● TASK ITEM
Your answer should be every line of the records that contains the word "Black", copied as it stands.

(Crawled caption data)
|---|
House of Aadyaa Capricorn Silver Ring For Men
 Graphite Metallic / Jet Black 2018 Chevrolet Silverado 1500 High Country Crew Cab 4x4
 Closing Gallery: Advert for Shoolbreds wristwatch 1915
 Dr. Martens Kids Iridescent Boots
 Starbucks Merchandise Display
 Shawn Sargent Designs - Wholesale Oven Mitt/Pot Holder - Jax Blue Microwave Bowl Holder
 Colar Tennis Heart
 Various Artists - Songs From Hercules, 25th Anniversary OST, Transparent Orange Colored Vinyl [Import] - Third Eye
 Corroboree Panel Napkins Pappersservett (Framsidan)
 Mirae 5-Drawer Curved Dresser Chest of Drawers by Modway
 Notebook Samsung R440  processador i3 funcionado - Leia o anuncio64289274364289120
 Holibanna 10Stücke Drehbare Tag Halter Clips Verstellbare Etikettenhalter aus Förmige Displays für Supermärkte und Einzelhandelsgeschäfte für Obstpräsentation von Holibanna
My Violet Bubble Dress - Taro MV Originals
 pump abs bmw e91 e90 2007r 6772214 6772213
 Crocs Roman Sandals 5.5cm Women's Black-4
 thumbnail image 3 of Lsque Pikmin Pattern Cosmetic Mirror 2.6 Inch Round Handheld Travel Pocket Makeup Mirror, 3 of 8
|---|
● SOLUTION BELOW
 Graphite Metallic / Jet Black 2018 Chevrolet Silverado 1500 High Country Crew Cab 4x4
 Crocs Roman Sandals 5.5cm Women's Black-4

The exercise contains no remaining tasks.